Starting January 2026, a new rule made things tighter: State Treasury deposits are no longer counted in the loan-to-deposit ratio. That instantly worsened the ratio for some banks, adding more urgency to the deposit race.

▍ The U-Shaped Rate Cycle

To understand this rate hike wave, you need to look at the past three years.

From 2023 to 2024, the SBV cut its refinancing rate from 6% to 4.5% in a series of reductions. The economy was recovering slowly from COVID, the property market was sluggish, and businesses weren't borrowing. Low rates were meant to stimulate credit.

It worked. By 2025, credit growth hit 18% and GDP grew 8%, making Vietnam one of Asia's fastest-growing economies.

But during the low-rate years, deposit returns were unattractive. Many savers moved their money into stocks, gold, and property. When credit demand finally picked up, banks found they didn't have enough deposits to fund it.

Rates are now climbing back up. It's the natural end of that cycle.

▍ Deposit Rates Up, Lending Rates Follow

Higher deposit rates mean higher funding costs for banks. Those costs get passed on to borrowers.

According to VietnamNet, promotional mortgage rates in 2025 were around 5.5% to 6%. By early 2026, they had risen to 10% to 11%. After the promotional period ends, floating rates at most banks run between 12% and 14%.

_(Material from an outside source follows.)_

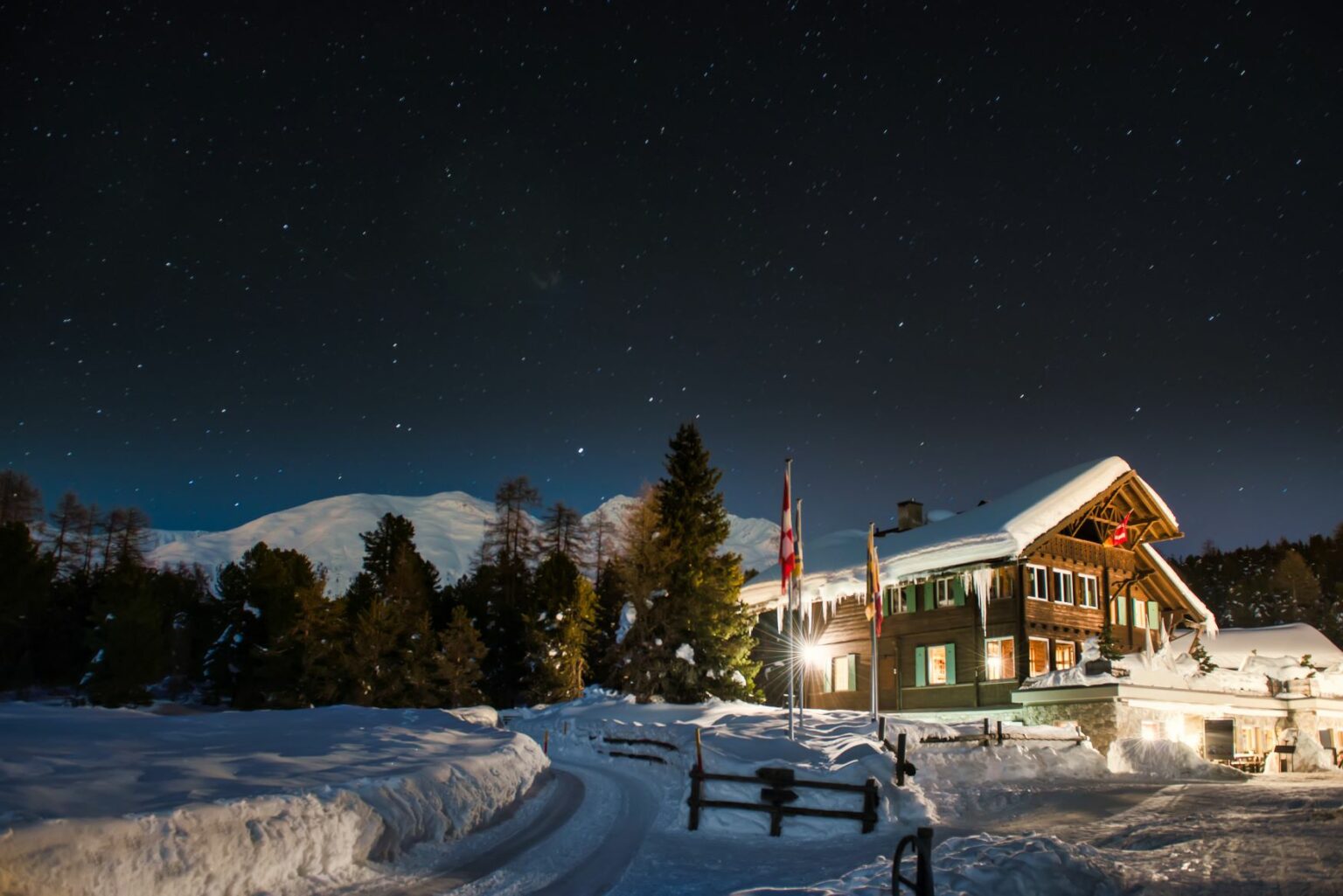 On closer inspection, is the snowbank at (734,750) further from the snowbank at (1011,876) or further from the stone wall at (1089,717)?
the stone wall at (1089,717)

For a 15- to 20-year mortgage, even a half-percentage-point increase adds tens of millions of dong to annual repayments. The Saigon Times reported that many potential homebuyers are now standing on the sidelines, waiting rather than committing.

Developers are responding with interest-rate subsidies, deferred payments, and bigger discounts to keep sales moving. Small and mid-sized businesses that rely on bank loans for expansion are also feeling the pinch.

▍ Oil Prices and the Exchange Rate Are Adding Pressure

Beyond the banking system's internal imbalance, external factors are pushing rates higher.

The Middle East conflict has sent oil prices surging. UOB estimates that every $10 increase in Brent crude adds about 0.3 to 0.4 percentage points to Vietnam's CPI, with a two- to three-month lag. If oil stays elevated, inflation pressure will make it harder for the central bank to cut rates.

The exchange rate is another constraint. With the US dollar strong globally, keeping Vietnamese rates too low risks capital outflows and further dong depreciation. That limits the SBV's room to ease.

The central bank's policy rate remains at 4.5%. This rate-hike wave is driven by commercial banks competing for deposits, not by a central bank tightening. But the SBV hasn't intervened to stop it either.

▍ What Comes Next

Analysts widely expect deposit rates to rise another 0.5 to 1 percentage point in the first half of 2026.

The SBV has set a credit growth target of 15% for 2026, well below last year's 18%. If lending slows, the deposit crunch should ease and rates could stabilize.

But if oil stays expensive, inflation picks up, and the dong stays under pressure, rates may keep climbing.

For businesses and investors in Vietnam, this shift is worth watching. Dong deposits are becoming more attractive. But if you're planning to borrow for property or expansion, funding costs are significantly higher than a year ago.